=== Entries shown ===

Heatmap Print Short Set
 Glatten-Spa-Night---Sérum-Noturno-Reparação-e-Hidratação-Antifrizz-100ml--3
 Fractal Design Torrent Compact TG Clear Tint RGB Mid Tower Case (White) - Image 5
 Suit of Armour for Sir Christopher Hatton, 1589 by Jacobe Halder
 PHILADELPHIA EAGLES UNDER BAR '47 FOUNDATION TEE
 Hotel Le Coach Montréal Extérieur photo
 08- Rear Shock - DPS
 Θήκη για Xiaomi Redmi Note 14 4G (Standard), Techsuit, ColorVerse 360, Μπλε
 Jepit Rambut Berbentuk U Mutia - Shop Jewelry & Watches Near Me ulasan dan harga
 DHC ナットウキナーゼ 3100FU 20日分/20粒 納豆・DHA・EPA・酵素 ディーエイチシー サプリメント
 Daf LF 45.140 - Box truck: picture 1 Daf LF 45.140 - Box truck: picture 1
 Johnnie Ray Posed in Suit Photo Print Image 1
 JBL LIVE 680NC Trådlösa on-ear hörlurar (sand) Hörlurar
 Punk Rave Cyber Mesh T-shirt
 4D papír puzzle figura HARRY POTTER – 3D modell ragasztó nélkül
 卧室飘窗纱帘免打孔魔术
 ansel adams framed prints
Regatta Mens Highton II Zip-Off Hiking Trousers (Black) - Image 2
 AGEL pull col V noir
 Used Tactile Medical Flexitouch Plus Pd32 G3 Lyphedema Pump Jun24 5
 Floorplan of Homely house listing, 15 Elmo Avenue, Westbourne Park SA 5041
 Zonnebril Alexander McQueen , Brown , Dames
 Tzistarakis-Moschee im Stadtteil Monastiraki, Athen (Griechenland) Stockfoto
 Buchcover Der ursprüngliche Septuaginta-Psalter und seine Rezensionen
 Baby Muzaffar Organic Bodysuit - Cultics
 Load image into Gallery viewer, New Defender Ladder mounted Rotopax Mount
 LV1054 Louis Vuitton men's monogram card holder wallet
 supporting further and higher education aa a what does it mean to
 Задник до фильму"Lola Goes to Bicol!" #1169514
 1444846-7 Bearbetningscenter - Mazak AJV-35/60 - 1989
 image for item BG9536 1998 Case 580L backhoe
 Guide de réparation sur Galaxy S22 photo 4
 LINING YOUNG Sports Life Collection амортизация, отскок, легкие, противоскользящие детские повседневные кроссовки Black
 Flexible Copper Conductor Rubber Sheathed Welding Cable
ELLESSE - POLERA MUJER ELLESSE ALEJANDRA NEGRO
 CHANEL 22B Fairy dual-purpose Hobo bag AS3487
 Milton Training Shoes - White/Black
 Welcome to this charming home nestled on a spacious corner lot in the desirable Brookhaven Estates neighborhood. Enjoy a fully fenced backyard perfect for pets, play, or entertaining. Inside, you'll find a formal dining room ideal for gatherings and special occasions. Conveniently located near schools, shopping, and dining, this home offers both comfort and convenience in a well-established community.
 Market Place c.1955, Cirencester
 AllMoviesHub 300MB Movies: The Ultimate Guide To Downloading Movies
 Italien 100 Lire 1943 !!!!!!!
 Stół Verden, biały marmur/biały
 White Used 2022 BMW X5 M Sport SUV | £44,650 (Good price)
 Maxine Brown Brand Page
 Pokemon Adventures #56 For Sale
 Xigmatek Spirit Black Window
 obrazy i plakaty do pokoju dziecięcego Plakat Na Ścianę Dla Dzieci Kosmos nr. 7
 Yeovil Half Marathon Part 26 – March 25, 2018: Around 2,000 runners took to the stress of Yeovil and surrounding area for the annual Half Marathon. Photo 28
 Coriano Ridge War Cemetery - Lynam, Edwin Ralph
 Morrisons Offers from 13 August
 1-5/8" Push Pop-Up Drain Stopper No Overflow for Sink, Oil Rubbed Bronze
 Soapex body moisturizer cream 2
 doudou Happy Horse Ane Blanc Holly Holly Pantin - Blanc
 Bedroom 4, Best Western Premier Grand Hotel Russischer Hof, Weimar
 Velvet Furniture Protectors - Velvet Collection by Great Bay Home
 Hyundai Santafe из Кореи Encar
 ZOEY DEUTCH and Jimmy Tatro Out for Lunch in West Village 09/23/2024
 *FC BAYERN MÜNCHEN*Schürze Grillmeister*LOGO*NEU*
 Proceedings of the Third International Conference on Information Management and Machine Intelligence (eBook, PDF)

===

Exercise requirements » For the lines above, output exactly those from the line containing "Suit of Armour" through the line containing "Punk Rave Cyber Mesh T-shirt", and skip the others.

Answer for the task »
 Suit of Armour for Sir Christopher Hatton, 1589 by Jacobe Halder
 PHILADELPHIA EAGLES UNDER BAR '47 FOUNDATION TEE
 Hotel Le Coach Montréal Extérieur photo
 08- Rear Shock - DPS
 Θήκη για Xiaomi Redmi Note 14 4G (Standard), Techsuit, ColorVerse 360, Μπλε
 Jepit Rambut Berbentuk U Mutia - Shop Jewelry & Watches Near Me ulasan dan harga
 DHC ナットウキナーゼ 3100FU 20日分/20粒 納豆・DHA・EPA・酵素 ディーエイチシー サプリメント
 Daf LF 45.140 - Box truck: picture 1 Daf LF 45.140 - Box truck: picture 1
 Johnnie Ray Posed in Suit Photo Print Image 1
 JBL LIVE 680NC Trådlösa on-ear hörlurar (sand) Hörlurar
 Punk Rave Cyber Mesh T-shirt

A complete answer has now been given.